Interactive reasoning tools act like assistants, guiding a human user towards a proof while ensuring that no mistakes are introduced in the constructed derivation. Interactive reasoning finds substantial use in mathematics, supporting mathematicians in proving theorems, as well as for verifying critical components in systems with human safety implications. For instance, the B-Method was employed to verify the functionality of Paris Metro Line 14, the seL4 operating system was verified using the Isabelle/HOL proof assistant, and the proof assistant HOL Light was a key tool in settling the long-standing Kepler conjecture in 2017. Latest developments in interactive reasoning were recently presented at the Interactions of Proof Assistants and Mathematics summer school organized jointly by FIDS and the Faculty of Mathematics.
Automated reasoning tools are able to reason fully or partly automatically about logical formulas. Such reasoning tools are also called theorem provers, and are used extensively in areas including program verification and testing, scheduling, and also to solve problems in mathematics. Interactive and automated reasoning tools can be used in combination, for example by outsourcing simpler parts of a proof that is constructed interactively to automated theorem provers. There is a wide range of automated reasoning techniques, but all of them start with a mathematical version of a problem and a given context. Subsequently, they develop the mathematical statement and explore the space of interpretations, trying to find a model (e.g., an interpretation that satisfies the formula) or concluding with its unsatisfiability otherwise.
We illustrate the reasoning applied to verify the correctness of a (drastically simplified) system. Consider the scenario of a crossroad with two traffic lights: one for the cars and one for the pedestrians. These traffic lights are equipped with specifications that describe the interactions between its components. The traffic light can be Green (G), Orange (O), or Red (R), while the pedestrian light has two modes: Walk (W) and Stop (S).
To reason about the system, we need to make certain assumptions (or axioms) about the possible system behaviors. In more real-world scenarios, such assumptions are automatically extracted from the system implementation:
Our objective is to establish that the crossroad is properly managed to avoid accidents.
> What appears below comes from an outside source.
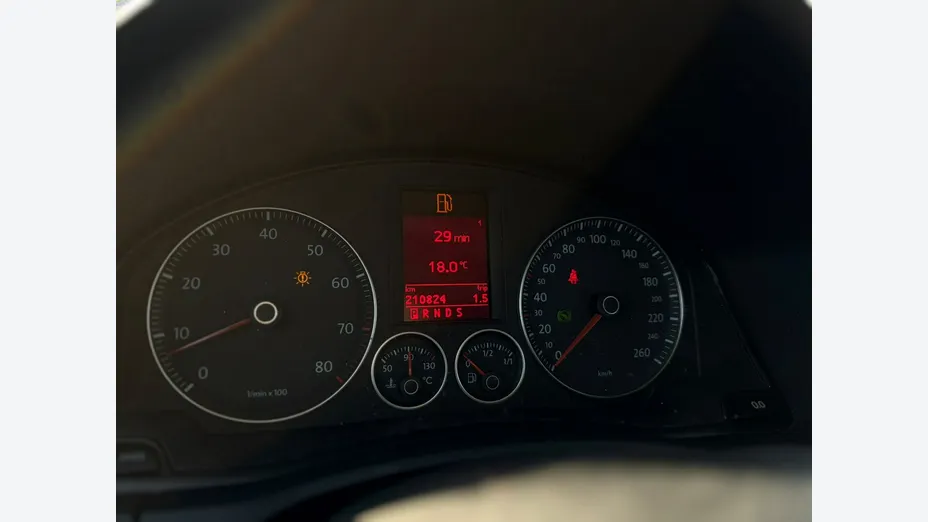 VOLKSWAGEN Golf -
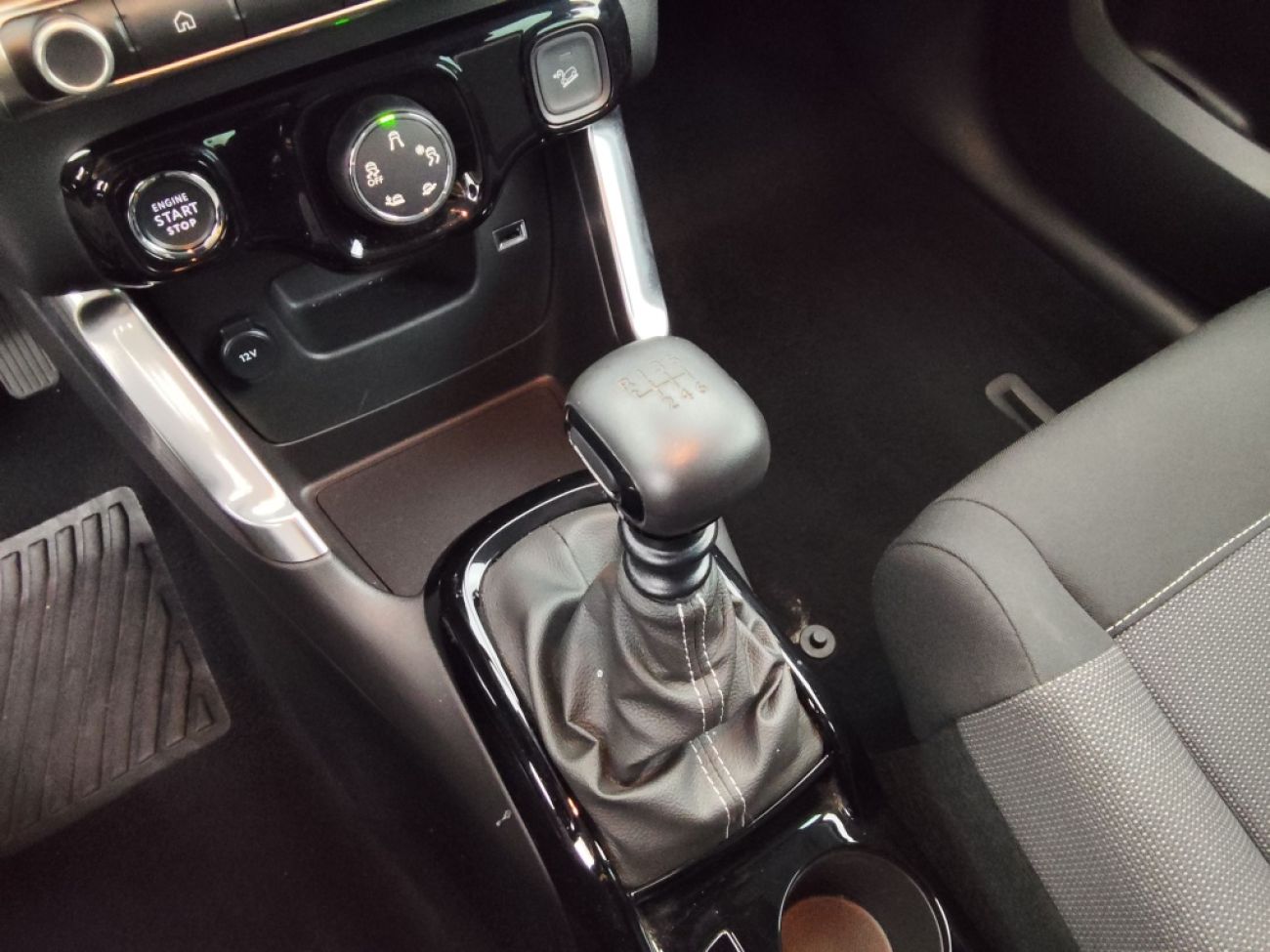 Mandataire Citroën C3 Aircross 1.2 PURETECH 110CH SHINE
In this model, an interesting property to examine is whether it could ever happen that the traffic light is Green while the pedestrian light is in Walk mode: can G and W be true at the same time, or, in more logical terms, is the formula G ∧ W satisfiable given our assumptions. A theorem prover can evaluate this scenario and prove, step by step, that G ∧ W is an impossibility. Since this proof is machine-checked, it gives high confidence in the correctness of the traffic light implementation.
Virtually, a prover simulates all possible scenarios and demonstrates that the target situation is unreachable in any case due to contradictions. Multiple proofs can be available for the same property: for instance, as depicted in the higher block, if the traffic light is green, then the pedestrian light is in stop mode (G → S). Moreover, stop mode is incompatible with the walk mode (#{S,W} ≤ 1), contradicting the initial statement (¬W). A similar deduction can also be made for the walk mode, allowing us to conclude in two different ways that G ∧ W is unreachable. By reasoning like this on all the features of the crossroad, we can certify that each component works as expected, and thus that the whole system is verified.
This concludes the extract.